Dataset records
********
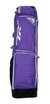 Funda Tk 3.1 Lsx Purple - comprar online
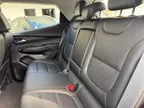 Chevrolet Bolt EV - Miniatura 10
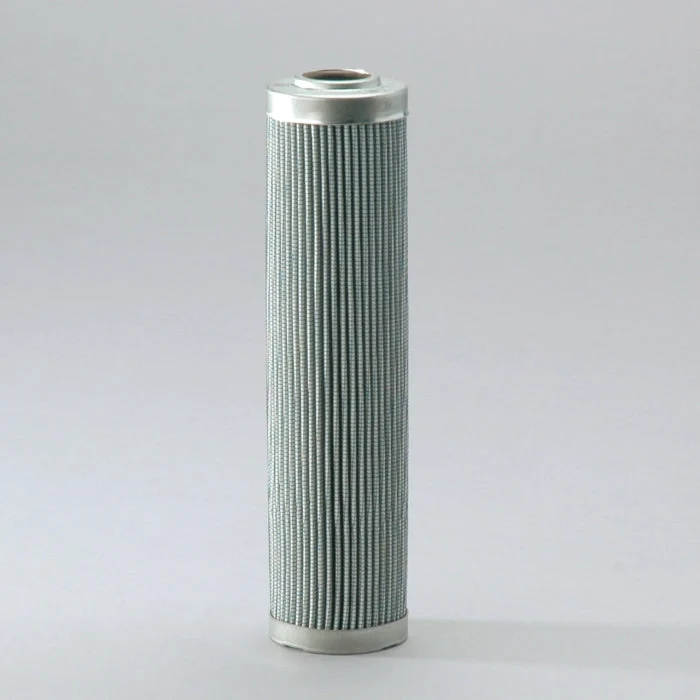 Donaldson P566397 Hydraulic Filter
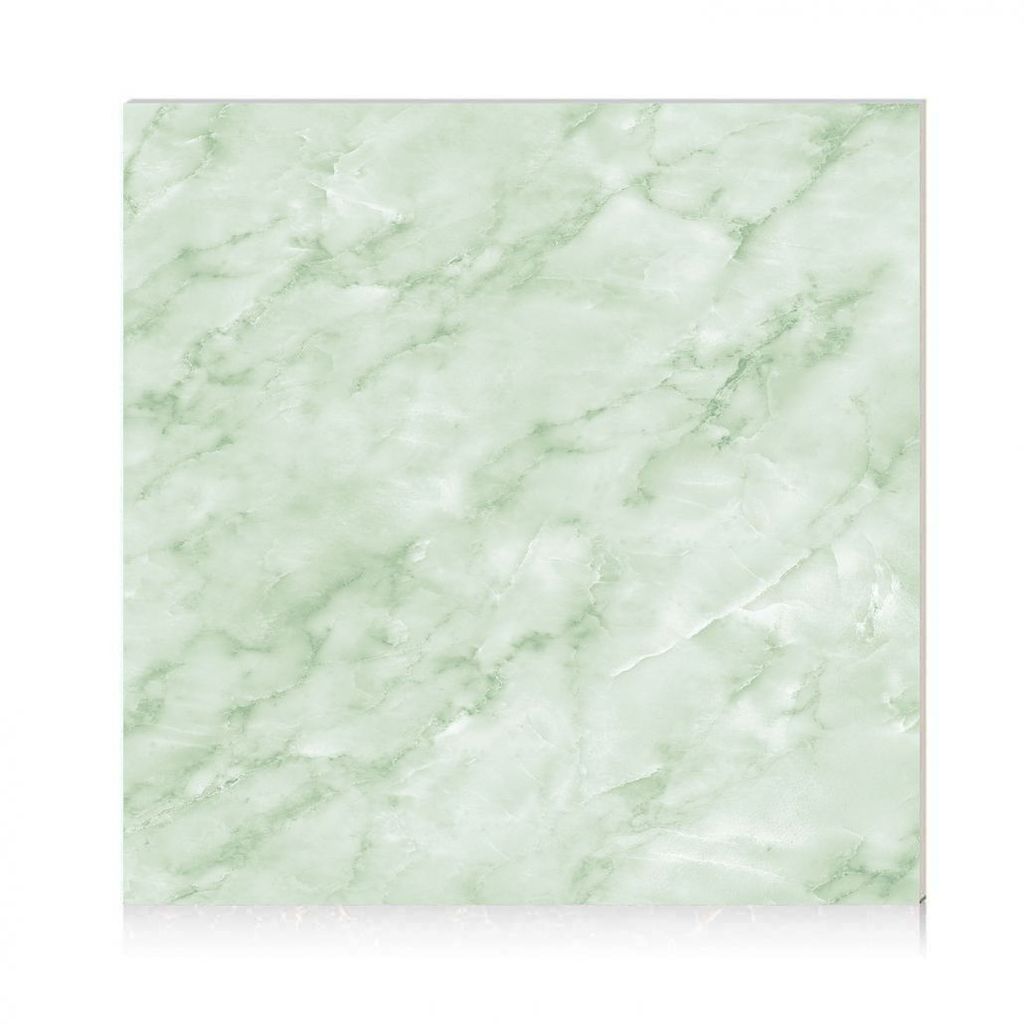  Perfetto 51013 - 600 x 600 mm (Ceramic) 
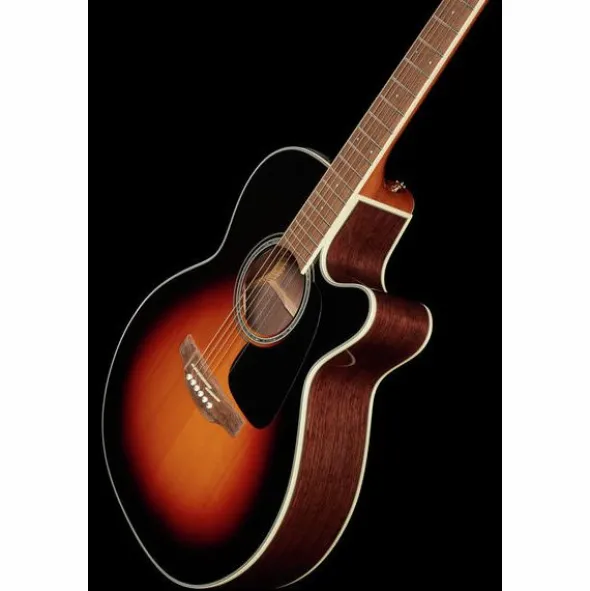Takamine GN51CE-BSB-2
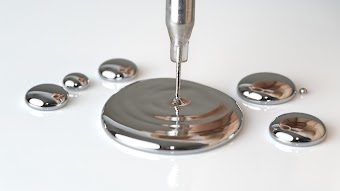 Como reduzir a toxicidade de metais pesados para uma saúde ideal Como reduzir a toxicidade de metais pesados para uma saúde ideal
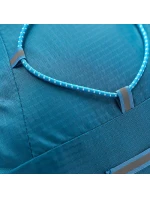 Batoh na bicykel Spokey Otaro SPK-944773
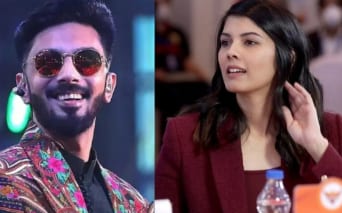 Anirudh-Kavya wedding buzz grows, Chennai reception set for November 21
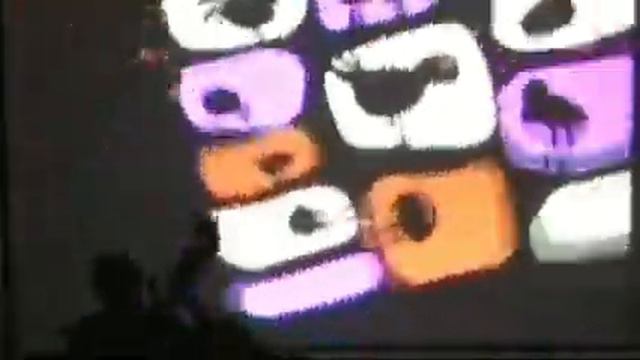 Frank Vaganée Trio & Cyclop Max смотреть онлайн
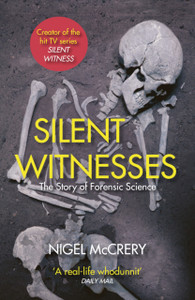 Silent Witnesses Silent Witnesses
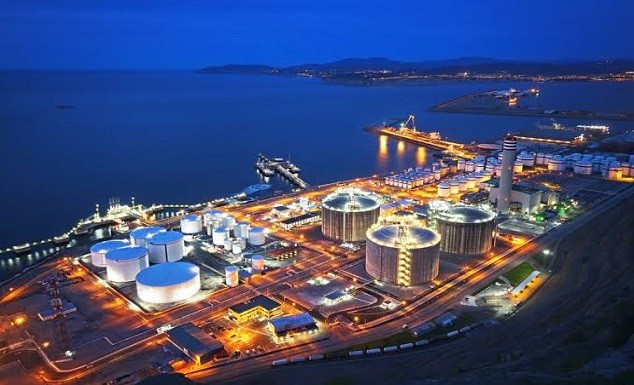 ​The Ease of Doing the Licensing Process If Investing in the Gresik Industrial Estate of JIIPE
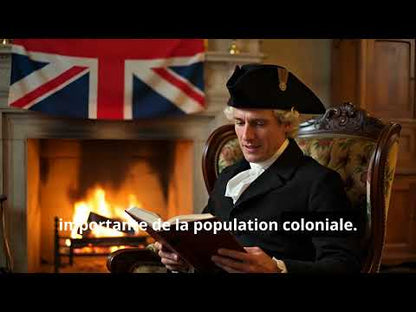 Les Temps de la Révolution par Winston Churchill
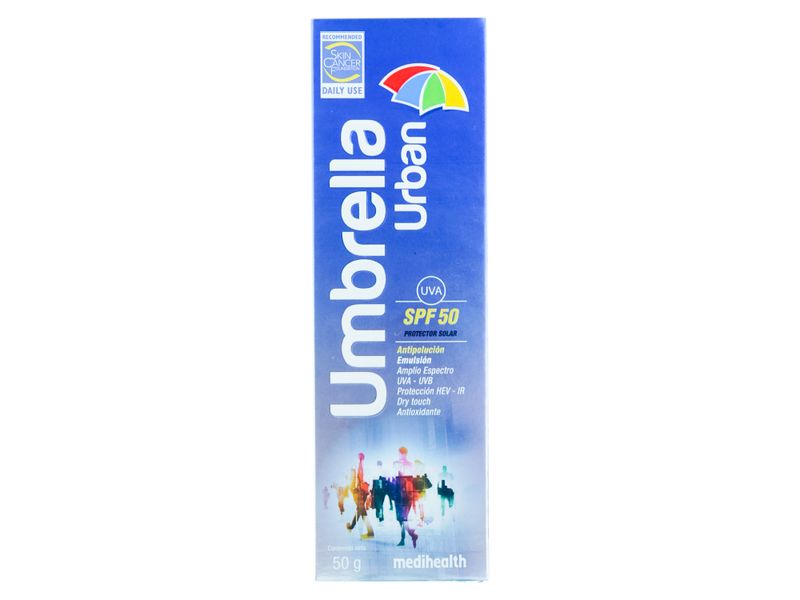 Umbrella-Urban-50G-X-Caja-Umbrella-Urban-50G-1-57465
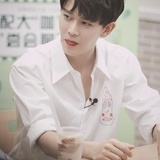 豆友207127999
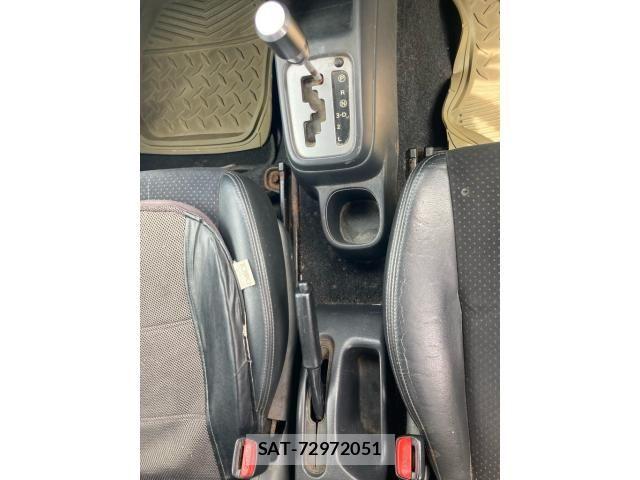Suzuki JIMNY 2005-07 8366495-16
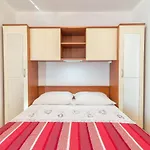 Puskaric Apartmán Vir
********
Task goal = I would like the lines from the one with "Takamine GN51CE-BSB-2" through the last line of the data above retyped exactly, with pictures left out, please.

Task response =
Takamine GN51CE-BSB-2
 Como reduzir a toxicidade de metais pesados para uma saúde ideal Como reduzir a toxicidade de metais pesados para uma saúde ideal
 Batoh na bicykel Spokey Otaro SPK-944773
 Anirudh-Kavya wedding buzz grows, Chennai reception set for November 21
 Frank Vaganée Trio & Cyclop Max смотреть онлайн
 Silent Witnesses Silent Witnesses
 ​The Ease of Doing the Licensing Process If Investing in the Gresik Industrial Estate of JIIPE
 Les Temps de la Révolution par Winston Churchill
 Umbrella-Urban-50G-X-Caja-Umbrella-Urban-50G-1-57465
 豆友207127999
Suzuki JIMNY 2005-07 8366495-16
 Puskaric Apartmán Vir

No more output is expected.